Exercise —
Within the records below, reproduce without change the lines from the line that has "Ultra-soft black pearl-trimmed poncho" through the line that has "A bowl of homemade", and only those.

Data for processing —
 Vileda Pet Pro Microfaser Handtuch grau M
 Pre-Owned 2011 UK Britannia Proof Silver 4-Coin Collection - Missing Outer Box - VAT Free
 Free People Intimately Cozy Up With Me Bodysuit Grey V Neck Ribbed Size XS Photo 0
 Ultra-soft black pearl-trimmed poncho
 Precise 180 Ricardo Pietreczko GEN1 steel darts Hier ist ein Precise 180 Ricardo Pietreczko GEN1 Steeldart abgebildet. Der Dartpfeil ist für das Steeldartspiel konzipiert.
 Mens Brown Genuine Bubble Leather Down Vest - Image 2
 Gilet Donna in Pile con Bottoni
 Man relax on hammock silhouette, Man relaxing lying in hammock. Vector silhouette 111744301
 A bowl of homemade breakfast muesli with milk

---

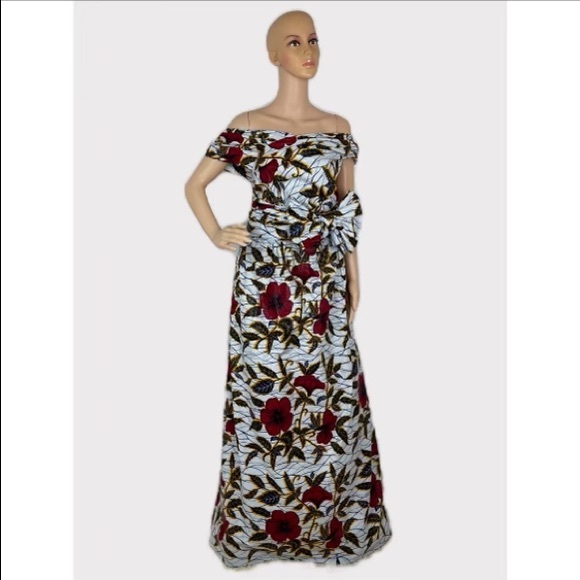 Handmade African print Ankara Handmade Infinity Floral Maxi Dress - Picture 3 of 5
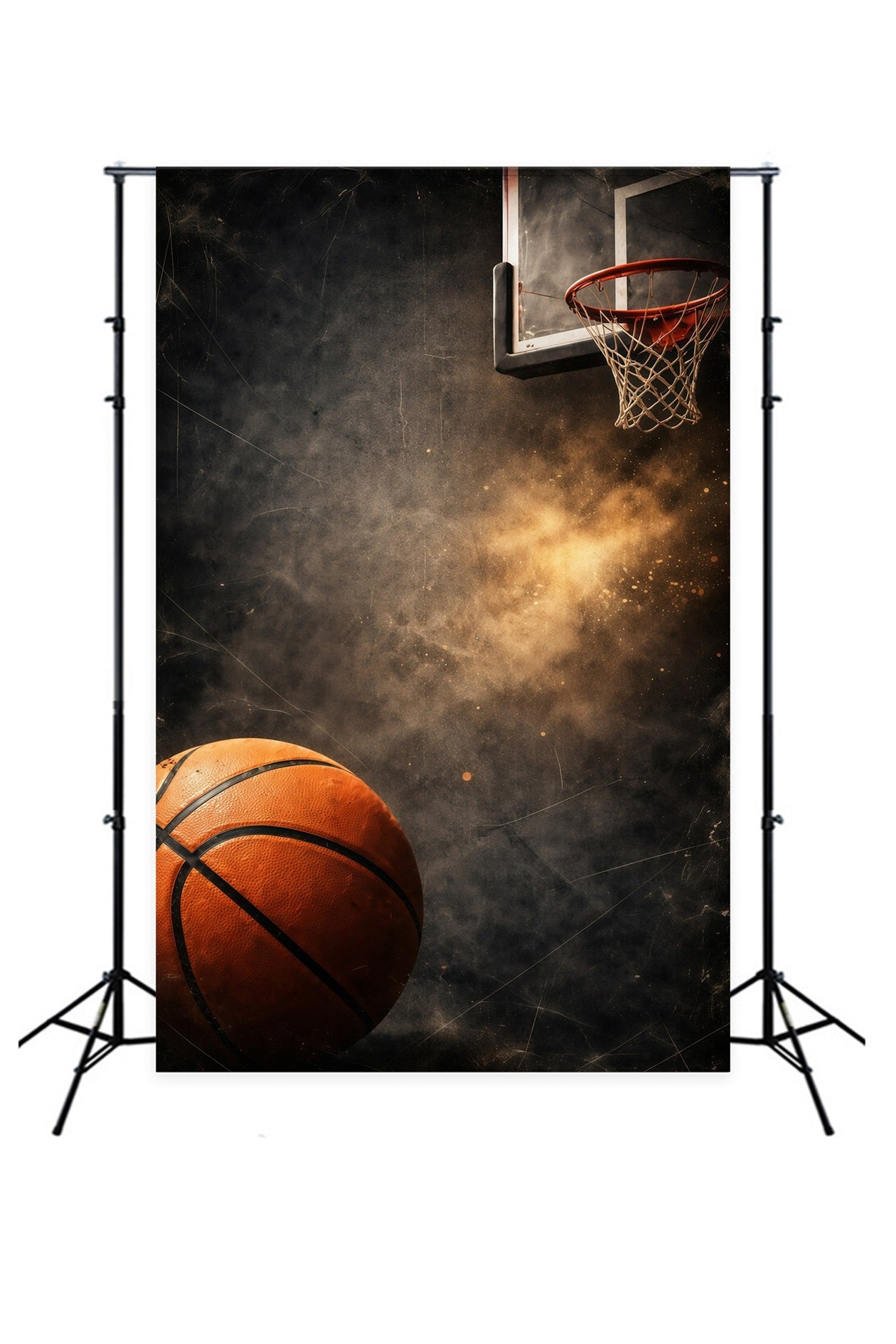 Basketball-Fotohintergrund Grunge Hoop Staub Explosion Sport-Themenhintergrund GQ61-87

---

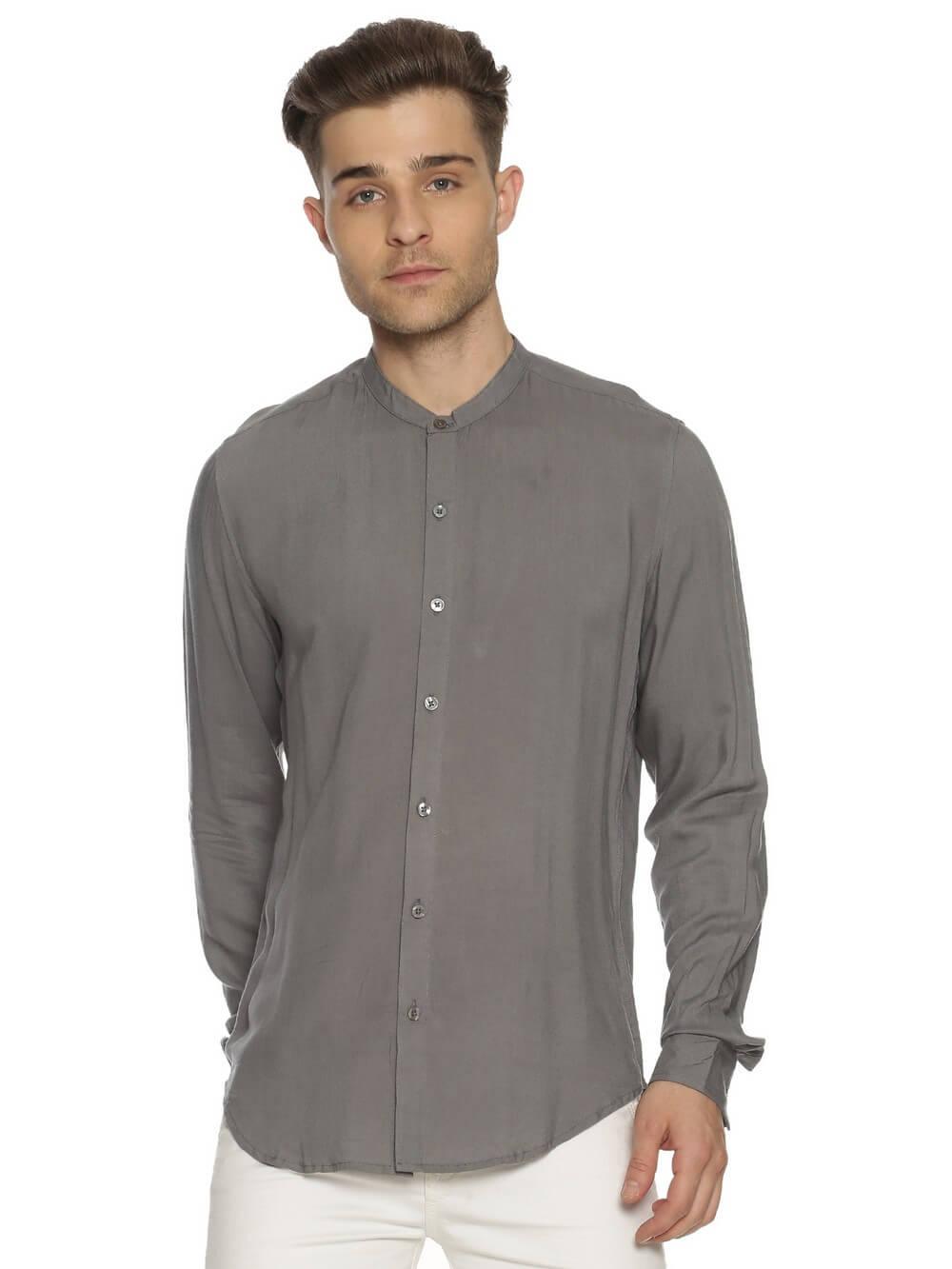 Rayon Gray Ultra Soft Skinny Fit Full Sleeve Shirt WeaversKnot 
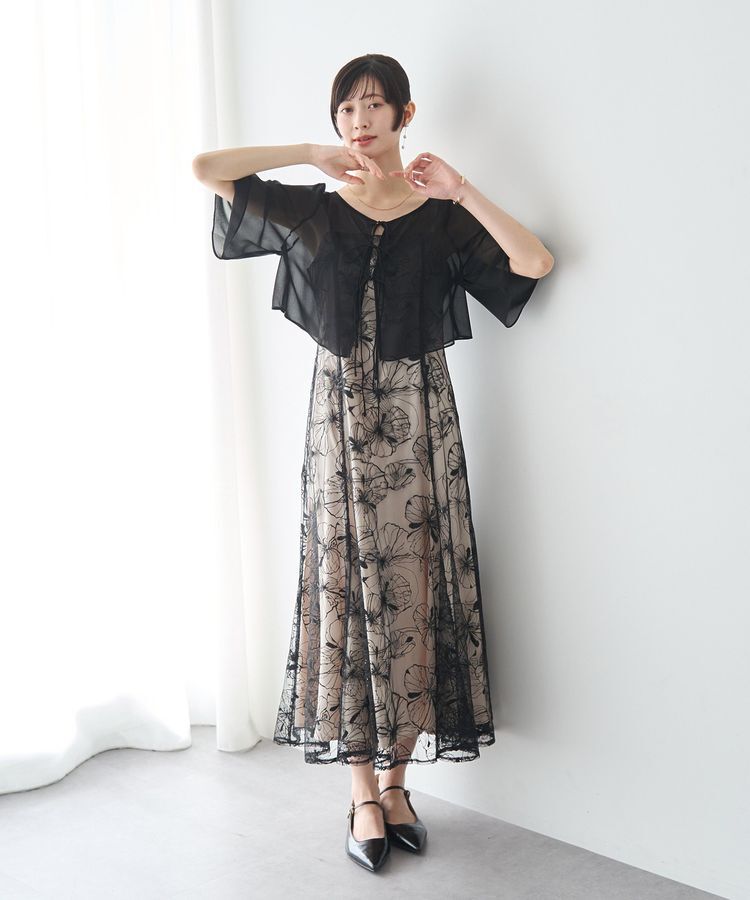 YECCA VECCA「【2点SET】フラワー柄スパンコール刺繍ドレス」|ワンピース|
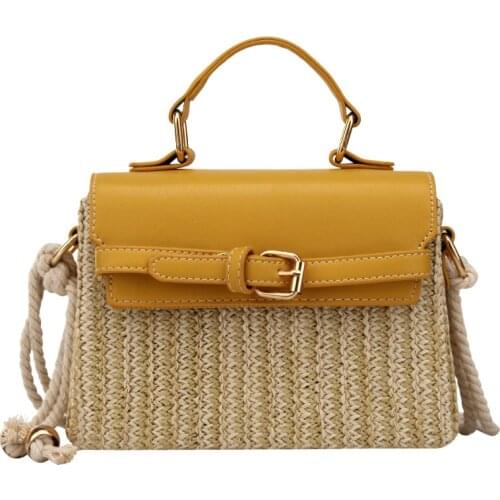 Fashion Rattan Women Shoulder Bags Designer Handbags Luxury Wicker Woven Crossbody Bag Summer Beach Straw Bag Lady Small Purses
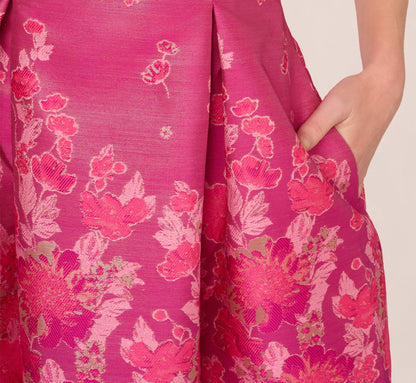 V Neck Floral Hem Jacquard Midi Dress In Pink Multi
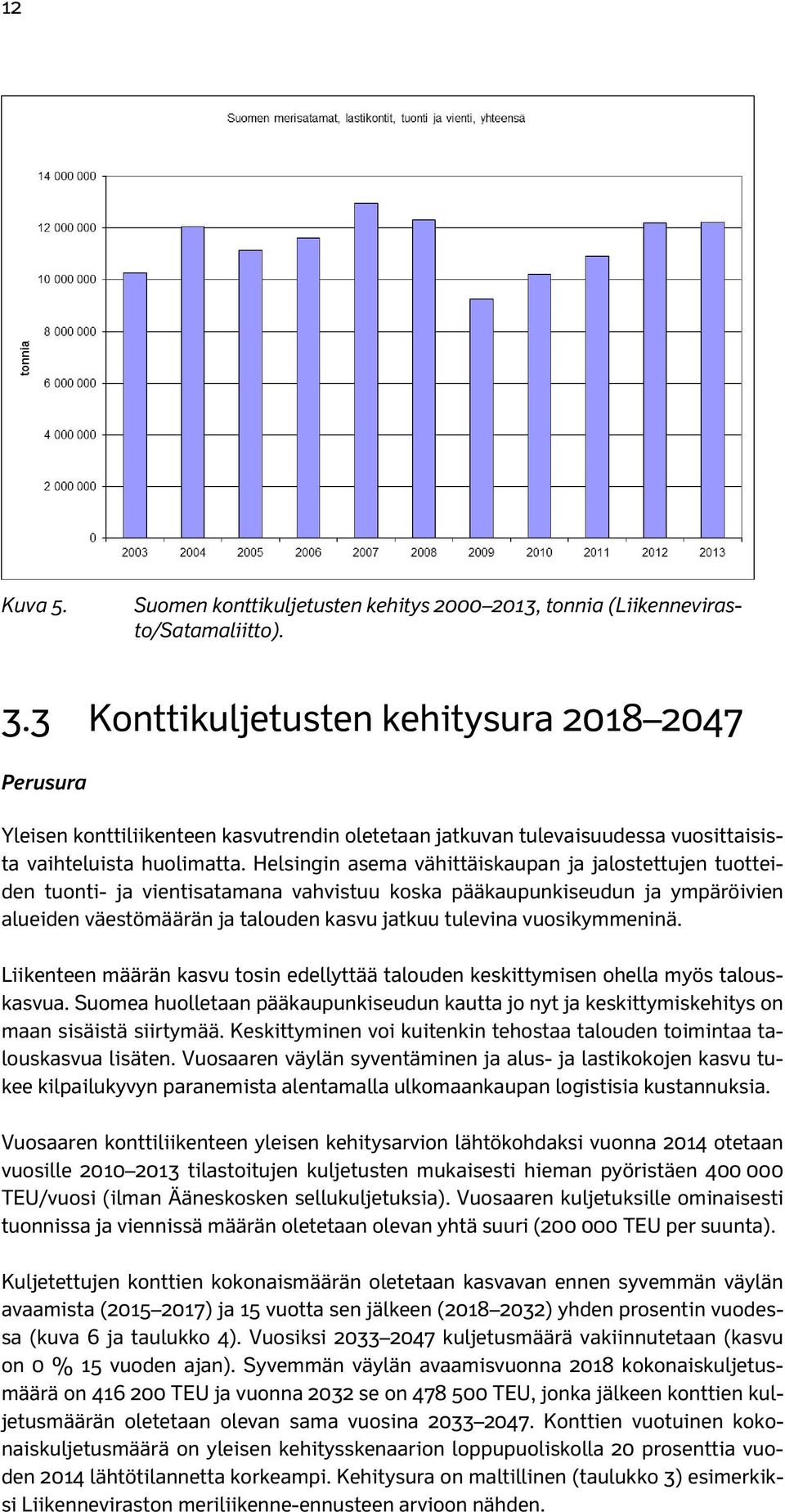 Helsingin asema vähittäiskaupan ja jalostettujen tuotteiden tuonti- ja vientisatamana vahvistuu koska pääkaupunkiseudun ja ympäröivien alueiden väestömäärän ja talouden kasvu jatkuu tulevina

Answer to this task —
 Ultra-soft black pearl-trimmed poncho
 Precise 180 Ricardo Pietreczko GEN1 steel darts Hier ist ein Precise 180 Ricardo Pietreczko GEN1 Steeldart abgebildet. Der Dartpfeil ist für das Steeldartspiel konzipiert.
 Mens Brown Genuine Bubble Leather Down Vest - Image 2
 Gilet Donna in Pile con Bottoni
 Man relax on hammock silhouette, Man relaxing lying in hammock. Vector silhouette 111744301
 A bowl of homemade breakfast muesli with milk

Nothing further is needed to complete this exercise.